Si l’on aboutit à un désaccord profond avec un partenaire étatique sur la question de défense nationale au point d’arriver à une rupture qui conduit à confier cette fonction hautement stratégique à une société privée, sera-t-on en mesure de contenir les différends qui pourraient surgir de l’interprétation de ce contrat commercial sans risque majeur pour le pays ? Même si les autorités peuvent avancer qu’il s’agit de solution d’urgence à mettre en place, il y a là de véritables inquiétudes à prendre très sérieusement en considération.

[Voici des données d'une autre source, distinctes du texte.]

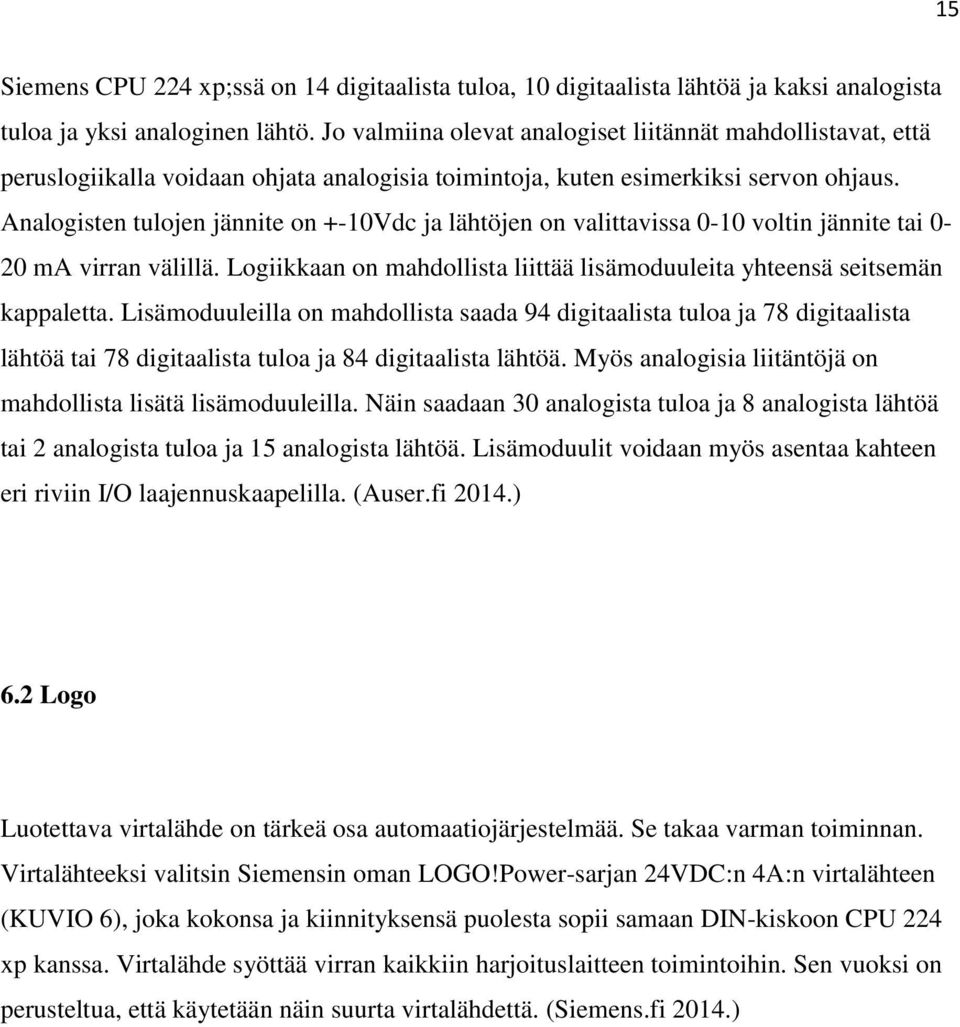 Analogisten tulojen jännite on +-10Vdc ja lähtöjen on valittavissa 0-10 voltin jännite tai 0-20 ma virran välillä. Logiikkaan on mahdollista liittää lisämoduuleita yhteensä seitsemän kappaletta.
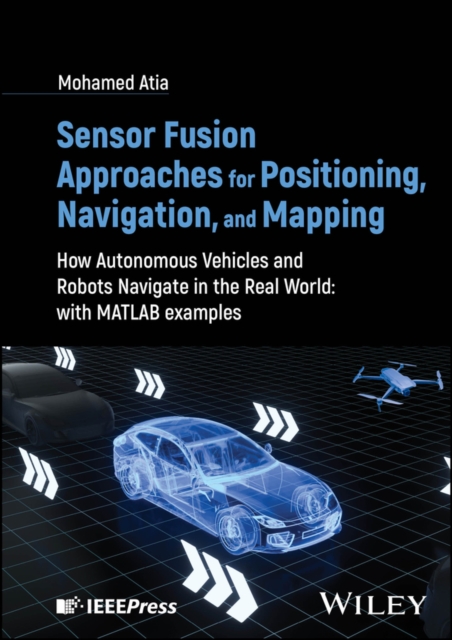Sensor Fusion Approaches for Positioning, Navigation, and Mapping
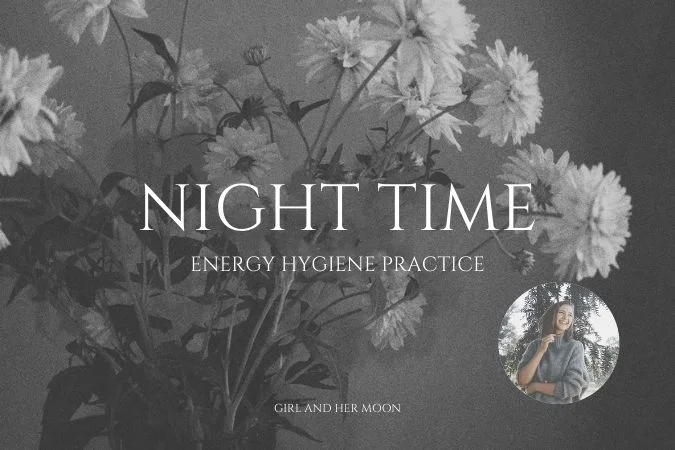 Night Energy Hygiene Practice Girl and Her Moon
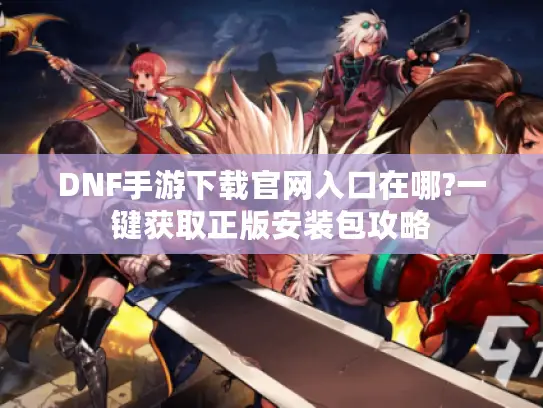 DNF手游下载官网入口在哪?一键获取正版安装包攻略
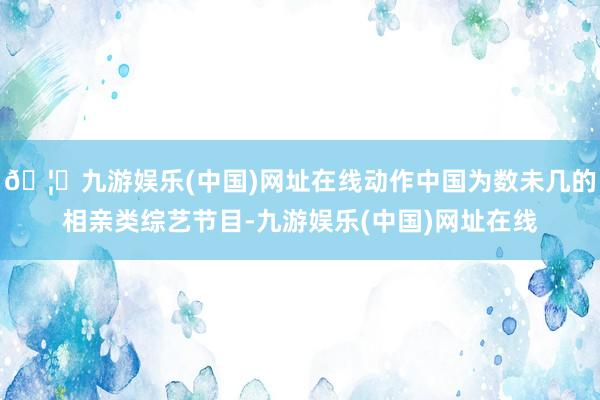 🦄九游娱乐(中国)网址在线动作中国为数未几的相亲类综艺节目-九游娱乐(中国)网址在线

Dès lors que la souveraineté nationale de nos pays est touchée – c’est la menace suprême – nous devons revenir aux fondamentaux et nous demander comment nous en sommes arrivés à ce point de déliquescence de nos Etats. Et que devons-nous faire pour corriger cette dérive ?
C’est en se posant ces vraies questions que la CEDEAO se penchera sur les enjeux réels en lieu et place de voir régulièrement les chefs d’Etat se précipiter, toutes affaires cessantes, pour gérer la triste situation de l’un des leurs pris dans les mailles trop serrées d’un filet de privation de liberté qu’il a lui-même jeté sur ses compatriotes au prix du sang.
Ces réflexions sont également indispensables dans chacun des pays où la jeunesse aspire à la liberté et à plus d’opportunités d’épanouissement, alors que s’impose à elle une insécurité venant de l’extérieur et accentuée par une absence de vision dans la gouvernance. Ceci est d’une urgence absolue.